骉羌道:“既是这样,那也未必不能攻破。今日是不知他们的手段,所以阵型混乱。”
“明日远处列阵,三军同时进攻。让他们首尾不能相顾,纵善防守,也不能兼顾三面。”
“若以羊坽土山等手段,非半月不能成。半月之后,若是鲁阳公帅师邀战,城内再出城反击,胜负难算。”
他分析的倒是不错,今日牛阑邑的守军就是打了他们一个措手不及,利用他们不曾见过那些武器的优势,错开了时间差,形成了局部以多防少的局面。
如骉羌所言,想要破城的最好办法,就是把部队全面展开,四下攻击。
然而这样的计策却让公子击否决。
“我等前来,是为入王子定。欲入王子定,必先破鲁阳公。我们不是为了攻破牛阑,攻破牛阑只是为了击败鲁阳公攻取鲁阳鲁关。”
“如若全面展开,攻而不下,损失必大。再说,明日若不能攻下,后日怎么办?鲁阳公如果帅军突袭,士卒分散城邑四周,如何抵御?”
“就算他不来,四下围攻,损失极大,士气大跌,日后又怎么能与鲁阳公交战?”
公子击苦恼摇头,这实在是超出了此时的作战方式。以往攻城,那些小邑往往都是一举而下,城内民众并不在意自己是楚人还是晋人。
而且以往也多是携带粮草,三军列阵,一举决胜。
然而善于守城的墨家开始加入诸侯纷争,这种情况就变得有些棘手。商丘一战楚国失败,而就算楚王不被墨家夜袭,墨家死守之下,三晋出兵楚国依旧会败。
今日一战,公子击才算明白年前墨家到处传播“中原弭兵”这件事的底气是什么。
小小的牛阑邑尚且可以如此守卫,若是中原弭兵的想法真的可以贯彻实行,宋郑卫鲁等国夹在强国之间,墨家只要能守住,就能撑到援兵抵达。
要展现出足够的能力,才能让之前所说的弭兵会不是一个笑话。
公子击虽然不知道牛阑邑具体的防御体系,但多年征战还是觉察到了牛阑邑城防体系的一部分。
如果此时大炮已经在各国出现流传,那么牛阑邑很好攻。
如果适按部就班不知变通地将牛阑邑的城防按照原版棱堡的情况来建造,即便攻击方没有大炮也好进攻。
现在的情况则是三国联军无炮、也没有抛石机,牛阑邑也没有斜面实体低矮防备炮击的斜面墙,而是加高了墙体突出了凹面和行墙。

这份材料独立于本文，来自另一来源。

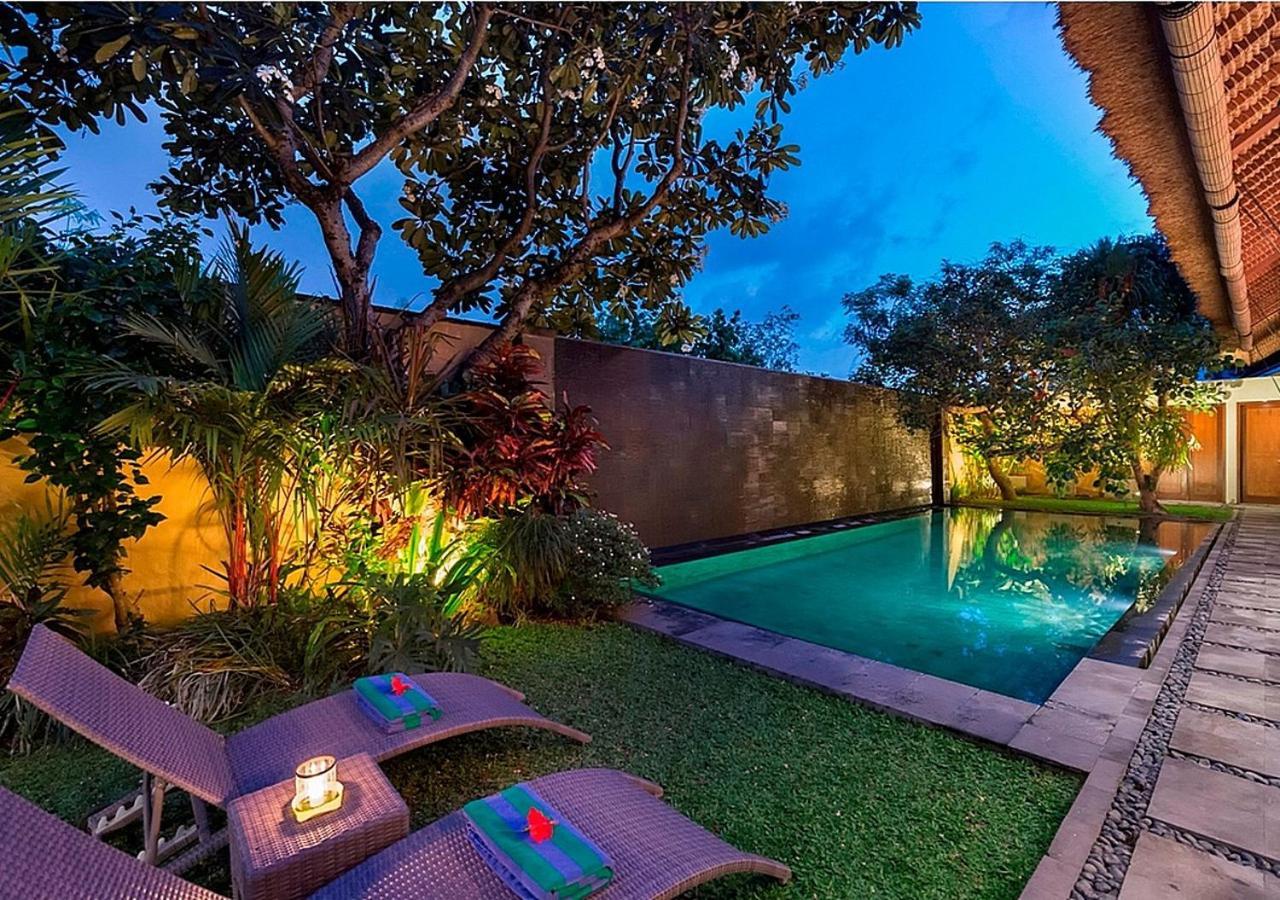 Villa Andalas Seminyak Exterior foto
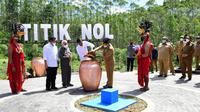 Prosesi penyatuan air dan tanah yang dilakukan di titik nol IKN oleh Presiden RI Joko Widodo beberapa waktu lalu. (Liputan6.com/Istimewa)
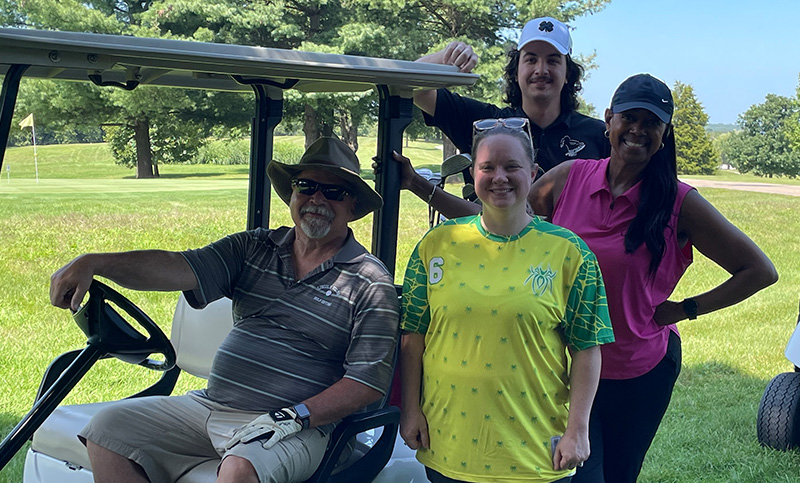 Illinois Mutual employees golfing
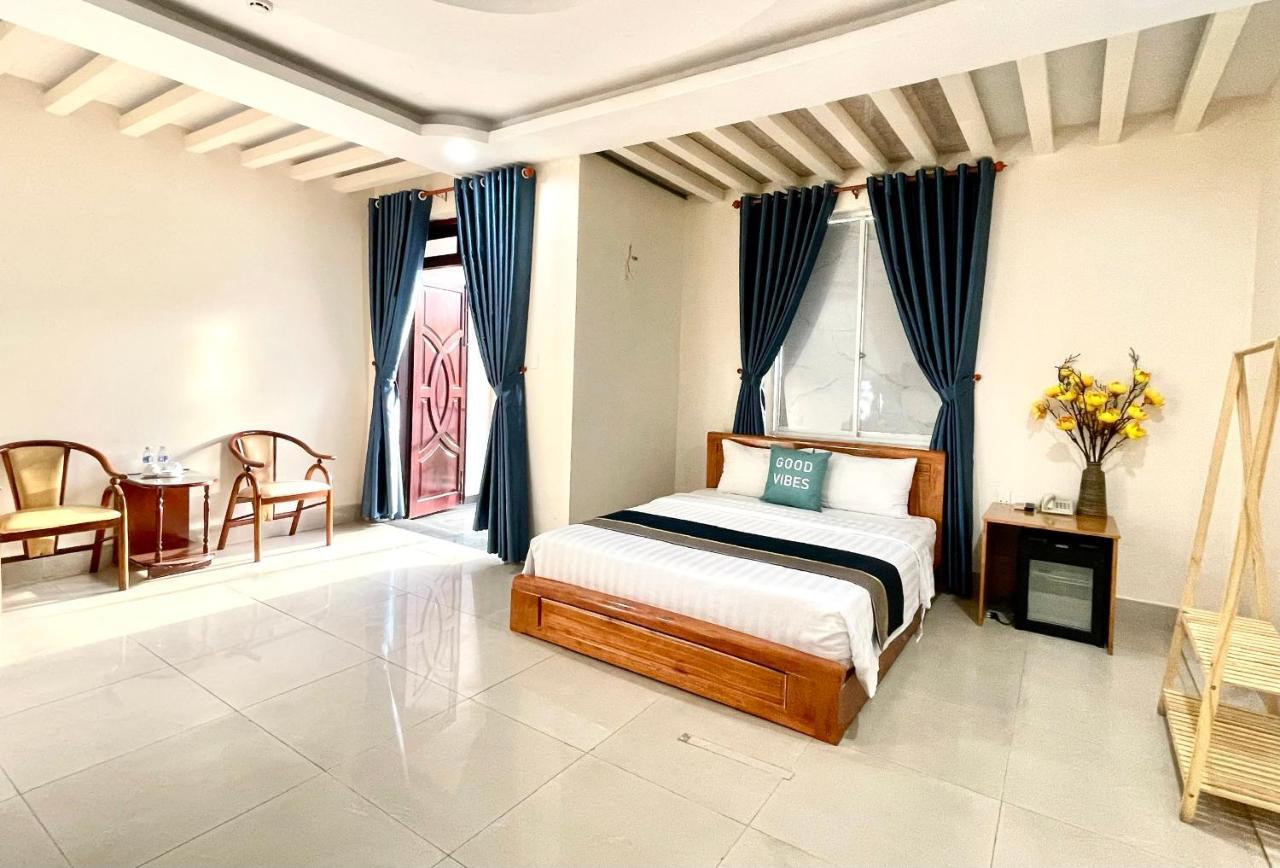 Khách sạn Hoa De Nhat TP. Hồ Chí Minh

今日进攻,公子击已经隐约发觉那些古怪凹面的效果,可却无可奈何。他想,若是能有守城一方可以发射铁丸的东西,倒也容易,对准城墙城门猛轰打开缺口,一拥而入即可。
可现在,要么靠挖掘、要么堆土山。可土山有炮袭击挖掘者、速度必慢;靠近挖掘有火药雷投掷、人心必惊。
整个牛阑邑就像是一团蜷缩在一起的刺猬,无从下口。
统帅们一筹莫展商讨对策的时候,暂时可以休息的联军士卒也在谈论着今日的攻城。
郑军营中,那些参与攻城退回的士卒,用他们身上的伤势和见闻传播着恐惧和厌战情绪。
子产执政时候,郑国便有议论国政的乡校,如今虽然被捣毁,可经济发达的郑国依旧保留了市井议政的传统。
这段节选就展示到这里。